Magnifies the Injury

“Why is it so hard to develop an attitude of forgiveness? Satan preys on our sinful pride that manifests itself in the form of a reluctance and inability to readily forgive. He magnifies the injury and constantly reminds us of the injustice. This is done in an effort to encourage us to either seek vengeance or vindication.

“God, however, is responsible for dealing with both those issues. If we truly trust in God and don’t lean on our own understanding, we will know His perfect justice. We won’t need to keep a record of wrongs. We also won’t need to refer to our lists of rights as a means of preventing future injury.

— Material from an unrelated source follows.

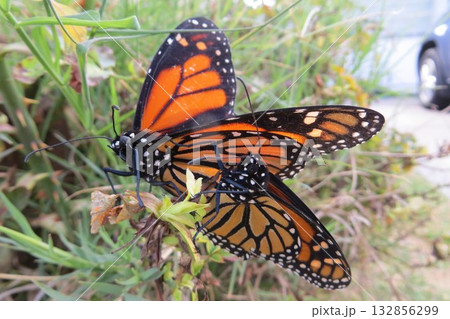 Monarch Butterfly Pair, Danaus plexippus Monarch Butterfly Pair, Danaus plexippus 132856299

“What is truly exciting is that God has not only given us motivation to forgive others, but He has also promised to provide a blessing which is in direct proportion to the severity of the hurt we have forgiven. Jesus told us that if we don’t forgive, we will not be forgiven, and He has promised that those who show mercy will receive mercy. I know I certainly want mercy, not His justice” (Stu Lindner from Crosswalk.com article Forgiveness)

How about you?

“When others (including our spouse) hurts us in ways we don’t deserve, at some point we will come to the crossroads of decision. We will have to look our pain square in the face and ask, ‘Am I going to hang on to my anger and do violence to myself, or am I going to forgive those who have wounded me? Am I going to allow bitterness to poison and putrefy my soul, or am I going to invite God to empower me to let the anger go?'” (Pam Vredevelt, from the book The Wounded Woman: Hope and Healing for Those Who Hurt)

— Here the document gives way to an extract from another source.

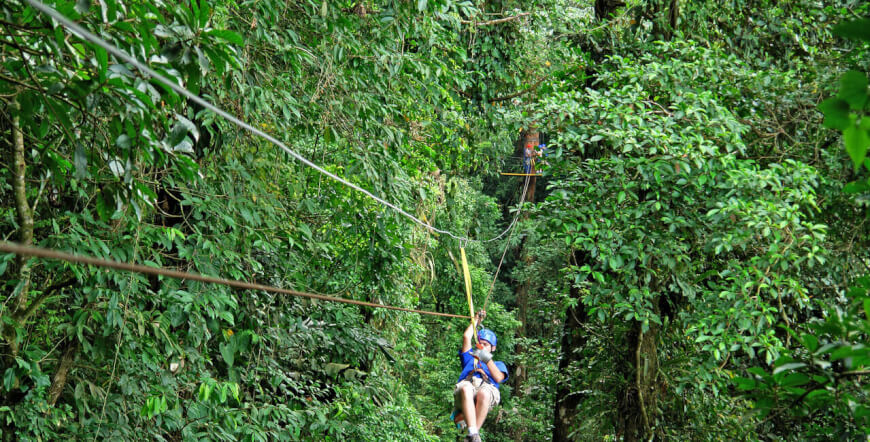 Adrenaline Treetops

But what if your spouse is not sorry for what he/she has done? Do you still need to work on forgiving him or her? Keep in mind, that God put forth the effort and reached out to forgive us for our sin (by the sacrifice that Jesus made on the cross for us), “while we were yet sinners.” It’s up to us to accept it, for forgiveness to have its full effect.

But that doesn’t minimize the fact that it was offered just the same —whether we accept it or not. Even while the soldiers, who were crucifying Jesus, were full of pride and were jeering and condemning Him, Jesus prayed for them and offered forgiveness, praying that God would forgive them because they knew not what they were doing.” I’m not sure if they ever made the effort to receive what He offered, but the gift was available just the same.

And God wants us to do the same.

We are to release ourselves from the bitterness and do our part in the forgiveness equation. By doing that, we are reaching for freedom. It’s about agape love that we have received from God and agape love that we are to give out, which helps us to live a more abundant life. What your spouse does with the gift you are giving, is between him/her and God, once you take your hands off of the situation.

And if he/she spits forth words of scorn, then you are in good company. That is what happened to Jesus (and still happens over and over again to Him in this world).

Trusting Again

We’ve also been asked another question many times. How do you trust your spouse again after being betrayed by him or her? As far as we can see, there is a difference between the action of forgiving a spouse because God tells us this is necessary (especially to release us from the prison of bitterness) and the action of trusting that spouse. Both are entirely different steps. Extending forgiveness is not to be dependent upon the actions of your spouse for you to release him or her in your heart and give him or her to God so HE alone is their judge. In doing that, you become free in your heart and emotions for God to help you to heal.

If your spouse doesn’t accept it or do anything to deserve it, that is something between him or her and God. But on your part, you are released from the additional future pain that comes with nursing, rehearsing, and allowing that pain to keep inflicting you as you hold onto it.

Building Trust

A possible second step is building trust once again. Trust is something that your spouse must participate in to help you to be able to embrace again, if it is to happen. It’s something you would benefit from if you participate with your spouse to allow it to rebuild IF your spouse is repentant and sincere and honest in working toward that goal. But please recognize that the Bible doesn’t tell you that you must trust your spouse again… just that you must not allow bitterness to take root. (See Hebrews 12:15.)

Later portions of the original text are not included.